Monday, August 31, 2015

Markets subdued; Central Bank’s 13 per cent on FD

Fears that the US debt woes along with the European crisis could snowball into a full-fledged slowdown hasn’t died down with there being a buzz that the current crisis could be even worse than the 2008 global meltdown and this has led to the benchmark index, the Sensex, of the Bombay Stock Exchange plunging 292.84 points (1.8 per cent) to close at 15,848.83 points last Friday.

The stock markets have been under a bear grip and, with last Friday’s figures, this has been the fifth weekly drop in a row for the benchmark Sensex.

The National Stock Exchange’s 50-share Nifty also fell almost 2 per cent during weekly trade to close at 4,747.8 points last Friday.

The bourses have not only remained subdued but also highly volatile, especially last week, when the 30-scrip benchmark Sensex gained more than 2 per cent in the first two days of trading. But in the remaining part of the week, the Sensex headed south.

Like any bear market, the stock markets also witnessed intense selling pressure. Only three scrips among the Sensex stocks ended on a positive note.

They include Hero MotoCorp, which saw a rise of 2.7 per cent at Rs 1,952.45, Mahindra, up 1.2 per cent at Rs 704.65 and Infosys, which went up 0.68 per cent to Rs 2,204.55.

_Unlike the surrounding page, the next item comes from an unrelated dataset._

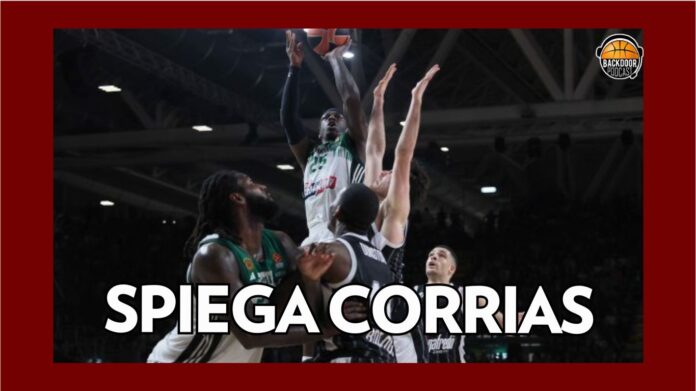 Panathinaikos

Among the big losers from the Sensex pack were Jaiprakash Associates, down 7.58 per cent at Rs 54.90, DLF, which slid 5.76 per cent to Rs 175.85, Tata Steel, which tanked 4.77 per cent at Rs 422.25, and RIL, which fell 4.61 per cent to Rs 719.50.

Bucking the trend somewhat, other bourses in Asia witnessed mixed fortunes. The Japanese Nikkei ended 0.29 per cent higher at 8,797.78 points, while Hong Kong’s Hang Seng closed 0.86 per cent lower at 19,582.88 points.

The Chinese Shanghai Composite index also fell 0.12 per cent to 2,612.19 points.

However, the American bourses got a boost from its apex bank with Federal Reserve chairman Ben Bernanke saying regulators would provide economic stimulus in case it is needed to bring the US on the growth path again.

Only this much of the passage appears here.